WORK INSTRUCTIONS
Word for word, copy the records that follow.

EXERCISE MATERIAL
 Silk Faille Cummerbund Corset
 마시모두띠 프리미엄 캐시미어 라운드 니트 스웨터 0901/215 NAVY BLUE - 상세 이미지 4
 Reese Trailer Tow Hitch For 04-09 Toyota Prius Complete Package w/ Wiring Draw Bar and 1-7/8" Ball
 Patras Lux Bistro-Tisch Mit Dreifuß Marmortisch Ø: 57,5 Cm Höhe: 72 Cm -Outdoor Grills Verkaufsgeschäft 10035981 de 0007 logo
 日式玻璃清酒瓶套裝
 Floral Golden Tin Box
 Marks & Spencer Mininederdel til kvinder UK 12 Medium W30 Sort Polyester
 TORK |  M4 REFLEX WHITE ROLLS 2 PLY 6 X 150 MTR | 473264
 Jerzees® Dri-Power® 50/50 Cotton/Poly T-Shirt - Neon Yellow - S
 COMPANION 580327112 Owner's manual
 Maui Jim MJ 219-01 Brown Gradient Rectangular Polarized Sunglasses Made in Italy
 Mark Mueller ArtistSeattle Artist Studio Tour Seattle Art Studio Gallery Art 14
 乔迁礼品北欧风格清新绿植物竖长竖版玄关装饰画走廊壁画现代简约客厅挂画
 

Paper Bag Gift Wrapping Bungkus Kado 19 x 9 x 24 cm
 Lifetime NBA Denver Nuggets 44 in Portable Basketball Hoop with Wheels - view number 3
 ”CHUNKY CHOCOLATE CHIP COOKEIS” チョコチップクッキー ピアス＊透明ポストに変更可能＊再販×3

YOUR RESPONSE
 Silk Faille Cummerbund Corset
 마시모두띠 프리미엄 캐시미어 라운드 니트 스웨터 0901/215 NAVY BLUE - 상세 이미지 4
 Reese Trailer Tow Hitch For 04-09 Toyota Prius Complete Package w/ Wiring Draw Bar and 1-7/8" Ball
 Patras Lux Bistro-Tisch Mit Dreifuß Marmortisch Ø: 57,5 Cm Höhe: 72 Cm -Outdoor Grills Verkaufsgeschäft 10035981 de 0007 logo
 日式玻璃清酒瓶套裝
 Floral Golden Tin Box
 Marks & Spencer Mininederdel til kvinder UK 12 Medium W30 Sort Polyester
 TORK |  M4 REFLEX WHITE ROLLS 2 PLY 6 X 150 MTR | 473264
 Jerzees® Dri-Power® 50/50 Cotton/Poly T-Shirt - Neon Yellow - S
 COMPANION 580327112 Owner's manual
 Maui Jim MJ 219-01 Brown Gradient Rectangular Polarized Sunglasses Made in Italy
 Mark Mueller ArtistSeattle Artist Studio Tour Seattle Art Studio Gallery Art 14
 乔迁礼品北欧风格清新绿植物竖长竖版玄关装饰画走廊壁画现代简约客厅挂画
 

Paper Bag Gift Wrapping Bungkus Kado 19 x 9 x 24 cm
 Lifetime NBA Denver Nuggets 44 in Portable Basketball Hoop with Wheels - view number 3
 ”CHUNKY CHOCOLATE CHIP COOKEIS” チョコチップクッキー ピアス＊透明ポストに変更可能＊再販×3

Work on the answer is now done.